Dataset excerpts

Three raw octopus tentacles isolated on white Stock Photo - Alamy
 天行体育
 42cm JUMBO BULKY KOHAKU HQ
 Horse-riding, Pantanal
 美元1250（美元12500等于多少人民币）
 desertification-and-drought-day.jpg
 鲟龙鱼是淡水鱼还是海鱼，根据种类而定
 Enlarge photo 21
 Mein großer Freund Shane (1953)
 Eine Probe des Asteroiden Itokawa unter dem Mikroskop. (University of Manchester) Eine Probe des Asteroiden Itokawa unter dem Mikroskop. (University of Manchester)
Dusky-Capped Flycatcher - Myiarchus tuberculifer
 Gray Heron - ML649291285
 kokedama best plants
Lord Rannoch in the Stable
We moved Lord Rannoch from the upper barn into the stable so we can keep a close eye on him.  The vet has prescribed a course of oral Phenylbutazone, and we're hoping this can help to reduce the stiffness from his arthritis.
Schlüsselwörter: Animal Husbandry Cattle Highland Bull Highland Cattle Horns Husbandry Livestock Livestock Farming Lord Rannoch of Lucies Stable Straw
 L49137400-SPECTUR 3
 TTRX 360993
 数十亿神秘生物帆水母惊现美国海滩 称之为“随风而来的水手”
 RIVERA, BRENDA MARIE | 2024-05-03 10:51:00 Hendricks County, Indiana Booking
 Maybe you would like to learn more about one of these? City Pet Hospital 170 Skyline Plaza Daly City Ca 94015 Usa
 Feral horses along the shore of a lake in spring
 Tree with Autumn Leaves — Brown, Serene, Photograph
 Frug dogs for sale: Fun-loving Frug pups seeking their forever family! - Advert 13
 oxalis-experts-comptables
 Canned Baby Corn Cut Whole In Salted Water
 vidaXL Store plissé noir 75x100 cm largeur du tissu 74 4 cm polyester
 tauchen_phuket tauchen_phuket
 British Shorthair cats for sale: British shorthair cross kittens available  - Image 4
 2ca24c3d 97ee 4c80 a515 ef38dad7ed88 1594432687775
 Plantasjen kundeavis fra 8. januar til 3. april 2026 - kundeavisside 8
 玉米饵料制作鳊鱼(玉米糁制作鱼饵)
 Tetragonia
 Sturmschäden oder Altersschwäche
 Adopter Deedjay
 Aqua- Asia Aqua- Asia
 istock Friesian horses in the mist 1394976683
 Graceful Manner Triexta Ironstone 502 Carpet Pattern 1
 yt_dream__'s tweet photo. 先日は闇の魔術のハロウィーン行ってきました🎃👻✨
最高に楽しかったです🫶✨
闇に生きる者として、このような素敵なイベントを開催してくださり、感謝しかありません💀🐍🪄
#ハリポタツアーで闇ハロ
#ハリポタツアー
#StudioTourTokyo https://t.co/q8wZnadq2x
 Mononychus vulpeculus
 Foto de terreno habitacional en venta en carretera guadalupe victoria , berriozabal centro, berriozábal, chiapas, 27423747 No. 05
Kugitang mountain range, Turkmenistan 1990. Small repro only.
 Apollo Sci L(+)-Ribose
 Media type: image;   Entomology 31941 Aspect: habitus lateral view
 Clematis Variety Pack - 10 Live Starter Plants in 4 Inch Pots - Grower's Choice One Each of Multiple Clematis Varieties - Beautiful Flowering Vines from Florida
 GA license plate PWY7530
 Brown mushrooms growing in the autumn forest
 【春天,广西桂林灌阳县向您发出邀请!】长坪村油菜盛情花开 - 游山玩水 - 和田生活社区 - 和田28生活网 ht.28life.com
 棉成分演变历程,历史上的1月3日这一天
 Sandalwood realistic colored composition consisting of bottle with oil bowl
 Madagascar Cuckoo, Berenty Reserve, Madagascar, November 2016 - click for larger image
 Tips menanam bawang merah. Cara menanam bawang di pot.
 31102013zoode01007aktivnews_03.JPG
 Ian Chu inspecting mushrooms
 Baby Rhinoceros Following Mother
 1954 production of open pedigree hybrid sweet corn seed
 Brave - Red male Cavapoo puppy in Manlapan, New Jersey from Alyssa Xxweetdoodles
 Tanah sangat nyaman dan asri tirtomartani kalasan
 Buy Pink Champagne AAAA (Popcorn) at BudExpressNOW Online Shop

Work task: Nothing but the lines from the one with "Clematis Variety Pack" through the last line of the entries should be repeated, and those exactly.

Answer space:
 Clematis Variety Pack - 10 Live Starter Plants in 4 Inch Pots - Grower's Choice One Each of Multiple Clematis Varieties - Beautiful Flowering Vines from Florida
 GA license plate PWY7530
 Brown mushrooms growing in the autumn forest
 【春天,广西桂林灌阳县向您发出邀请!】长坪村油菜盛情花开 - 游山玩水 - 和田生活社区 - 和田28生活网 ht.28life.com
 棉成分演变历程,历史上的1月3日这一天
 Sandalwood realistic colored composition consisting of bottle with oil bowl
 Madagascar Cuckoo, Berenty Reserve, Madagascar, November 2016 - click for larger image
 Tips menanam bawang merah. Cara menanam bawang di pot.
 31102013zoode01007aktivnews_03.JPG
 Ian Chu inspecting mushrooms
 Baby Rhinoceros Following Mother
 1954 production of open pedigree hybrid sweet corn seed
 Brave - Red male Cavapoo puppy in Manlapan, New Jersey from Alyssa Xxweetdoodles
 Tanah sangat nyaman dan asri tirtomartani kalasan
 Buy Pink Champagne AAAA (Popcorn) at BudExpressNOW Online Shop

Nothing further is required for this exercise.